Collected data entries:
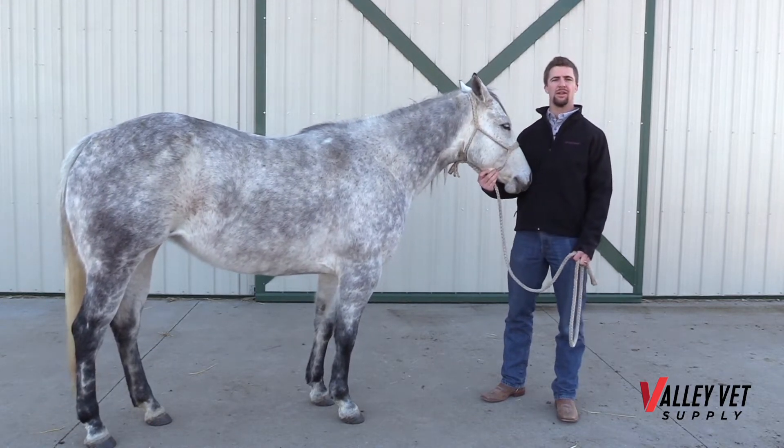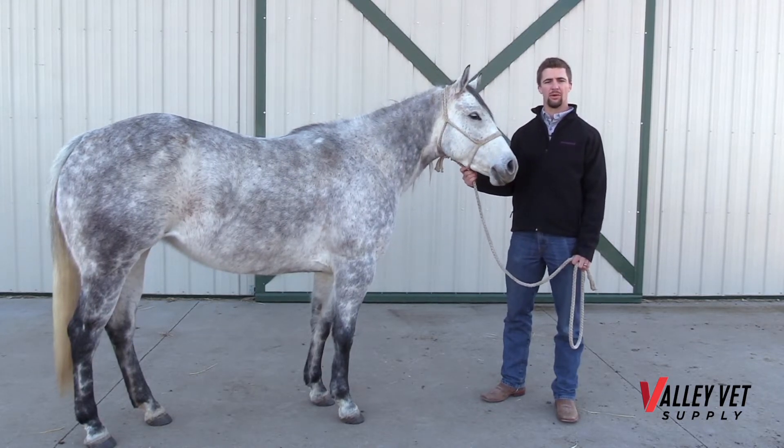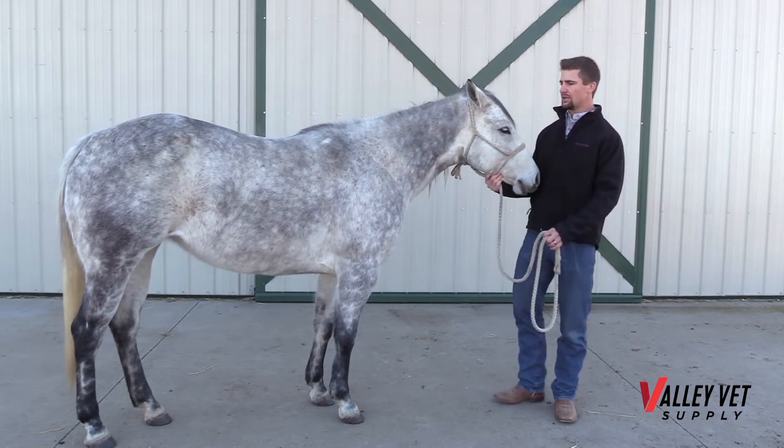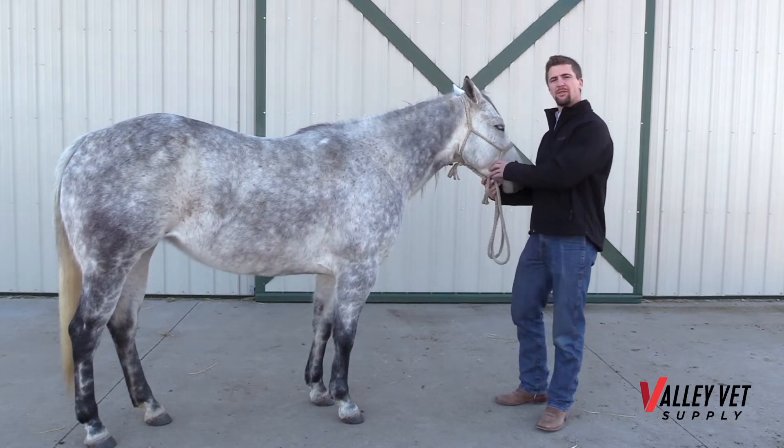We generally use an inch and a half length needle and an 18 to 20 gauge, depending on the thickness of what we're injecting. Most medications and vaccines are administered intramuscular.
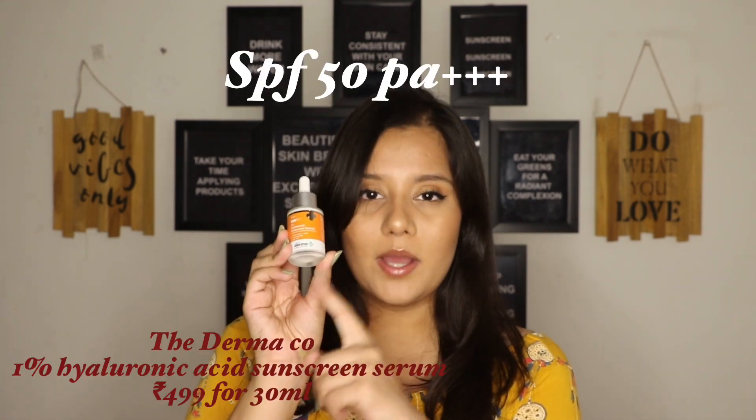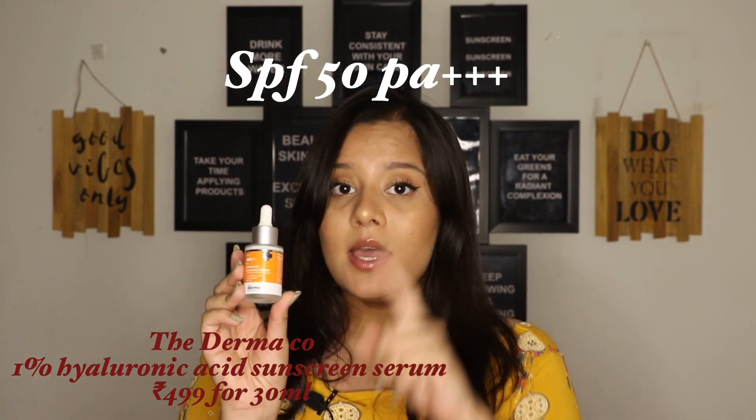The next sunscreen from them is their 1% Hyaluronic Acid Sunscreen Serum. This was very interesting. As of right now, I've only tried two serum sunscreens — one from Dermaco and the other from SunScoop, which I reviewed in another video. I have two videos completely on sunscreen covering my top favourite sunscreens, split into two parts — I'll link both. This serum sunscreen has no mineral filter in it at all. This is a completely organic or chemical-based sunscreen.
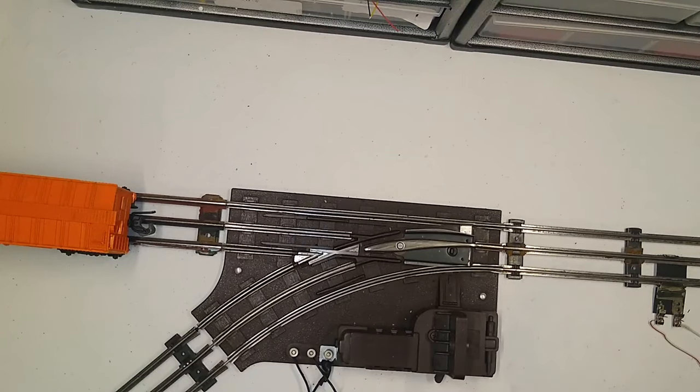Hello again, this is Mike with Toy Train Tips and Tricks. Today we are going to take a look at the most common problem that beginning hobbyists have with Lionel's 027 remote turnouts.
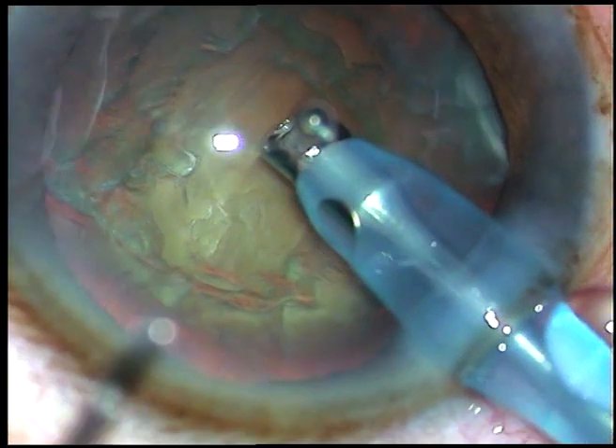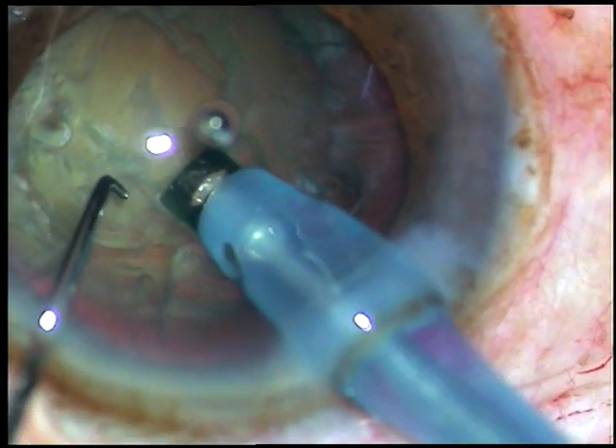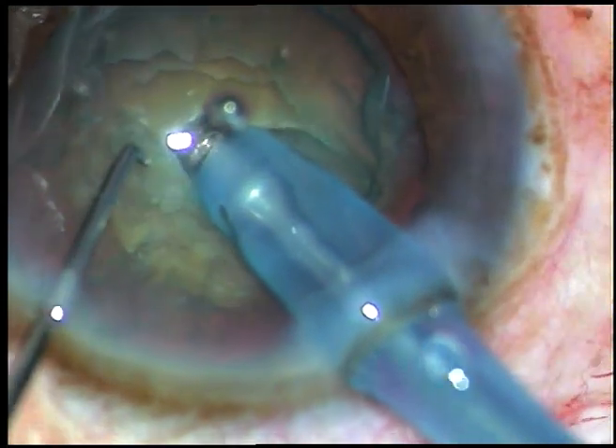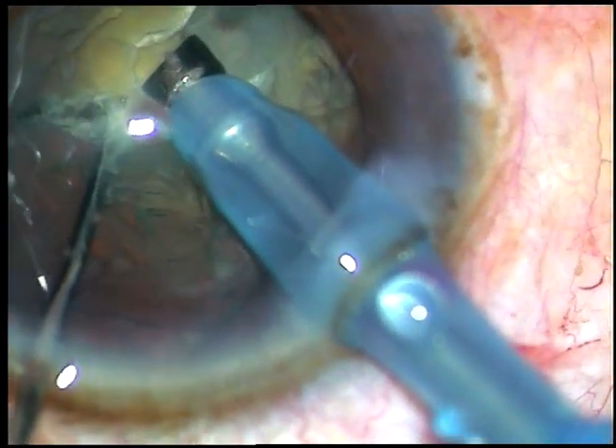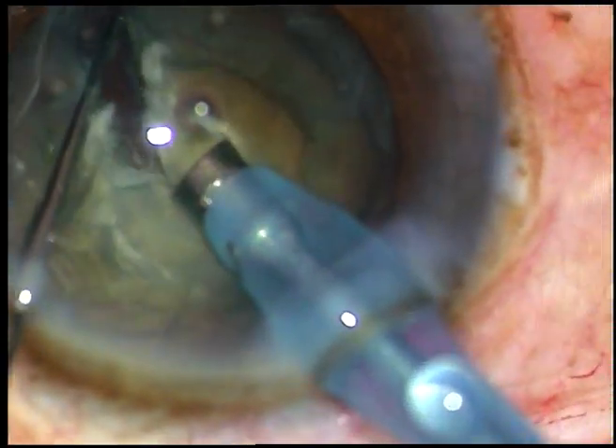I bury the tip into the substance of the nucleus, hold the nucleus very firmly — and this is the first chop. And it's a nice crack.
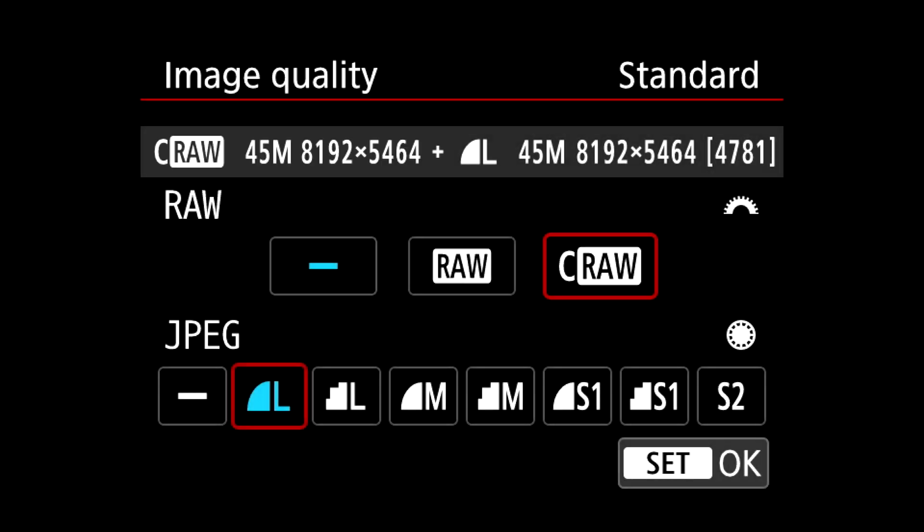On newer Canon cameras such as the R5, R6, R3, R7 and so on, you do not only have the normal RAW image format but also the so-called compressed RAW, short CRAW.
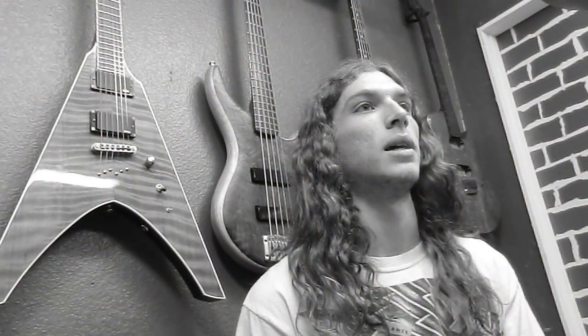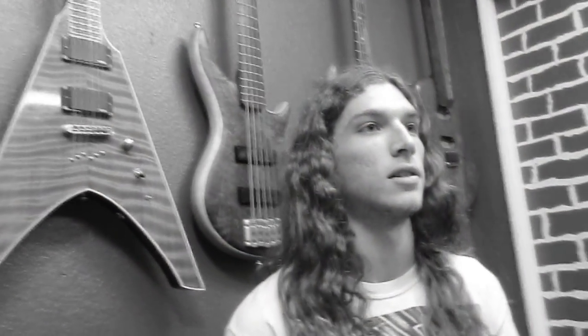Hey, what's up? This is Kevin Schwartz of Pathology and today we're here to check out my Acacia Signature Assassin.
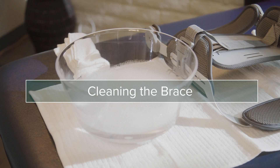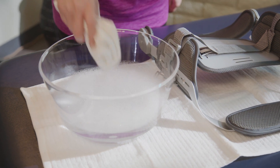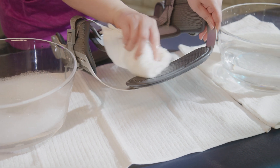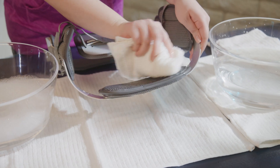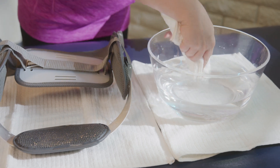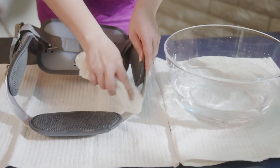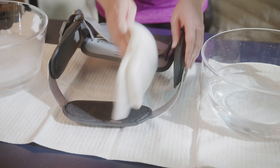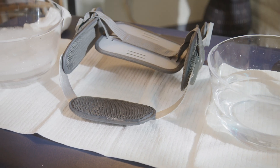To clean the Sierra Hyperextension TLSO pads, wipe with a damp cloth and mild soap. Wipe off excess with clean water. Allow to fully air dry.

Task requirements ->
Print the records above exactly, minus pictures.

Solution below ->
We generally use an inch and a half length needle and an 18 to 20 gauge, depending on the thickness of what we're injecting. Most medications and vaccines are administered intramuscular.
The next sunscreen from them is their 1% Hyaluronic Acid Sunscreen Serum. This was very interesting. As of right now, I've only tried two serum sunscreens — one from Dermaco and the other from SunScoop, which I reviewed in another video. I have two videos completely on sunscreen covering my top favourite sunscreens, split into two parts — I'll link both. This serum sunscreen has no mineral filter in it at all. This is a completely organic or chemical-based sunscreen.
Hello again, this is Mike with Toy Train Tips and Tricks. Today we are going to take a look at the most common problem that beginning hobbyists have with Lionel's 027 remote turnouts.
I bury the tip into the substance of the nucleus, hold the nucleus very firmly — and this is the first chop. And it's a nice crack.
On newer Canon cameras such as the R5, R6, R3, R7 and so on, you do not only have the normal RAW image format but also the so-called compressed RAW, short CRAW.
Hey, what's up? This is Kevin Schwartz of Pathology and today we're here to check out my Acacia Signature Assassin.
To clean the Sierra Hyperextension TLSO pads, wipe with a damp cloth and mild soap. Wipe off excess with clean water. Allow to fully air dry.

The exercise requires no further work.